Tempting
Do you know what it's like to be cooped up in your own house with no friends for six months? I do. You forget how to talk to people normally, you forget how to smile without feeling fake and plastic, your friendships slowly dwindle to sad nothings, you think about killing yourself often, you climb into your bathtub fully clothed and let the shower run, totally drenching yourself while you wallow in self-pity, hugging your knees to your chest and crying. You start to withdraw from your family, growing distant from your parents and siblings. And when your dad scolds you asking if you treat your friends the same way you treat your mother, your instant reaction is to snap back, "I don't have any!" then the tears just come and you can't stop 'em. Well, maybe I'm just the most pathetic person on the face of this earth but that was how I reacted.

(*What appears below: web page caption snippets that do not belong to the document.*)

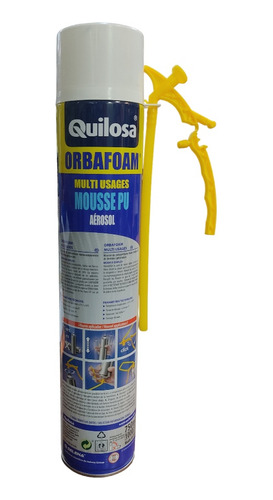 Espuma De Poliuretano Expansiva 750ml Original Marca Quilosa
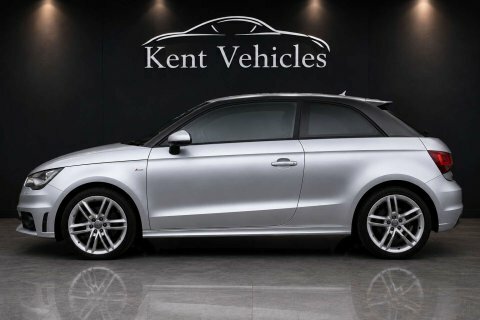 Audi A1 1.4 A1 S GF64YUV Silver #4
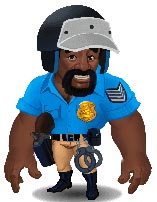 Policeman Symbol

I felt like dying every single day and that huge balcony was just so tempting. I just want you to know how much going to school means to me. It means there are people who care about me, people who are my friends, people who know my name. People I can go out and have fun with, good people. Thanks to everyone who cares about me enough to read my crap. Haha, here's to you. Cheers.
3 Comments:
Rachy.
I know how you feel. That sounds cliche and what not, but I seriously do know what you feel. I was cooped up for over a year. You know how i am at school right? Loud, noisy, harassing everyone. Last year, I was the direct opposite. I hardly talked to people, including my parents and sister. I forgot how to smile, which is like, hard to imagine now eh? I cried myself to sleep every night, and that overbearing sense of loneliness and feeling that nobody would even cared if you died right there and then because your life felt so small and insignificant. And on top of that, i had a slight eating problem.
That was a rough year. There's no morale to my story. I didn't have anything to hold onto, a buoy to keep my head over the water waiting to drown me. A light shining in the distance. My world was dark and bleak.
But then I came to Vineyard this year. And honest to goodness, I've recovered my normal-ity...and a litte bit more =]
So yeah, wrap up my again, long windedness syndrome. I love you. And i care about you. =]please don't forget that.
hugs great aunty nutty rachy (don't think I'll ever forget that mouthful of a name *grins)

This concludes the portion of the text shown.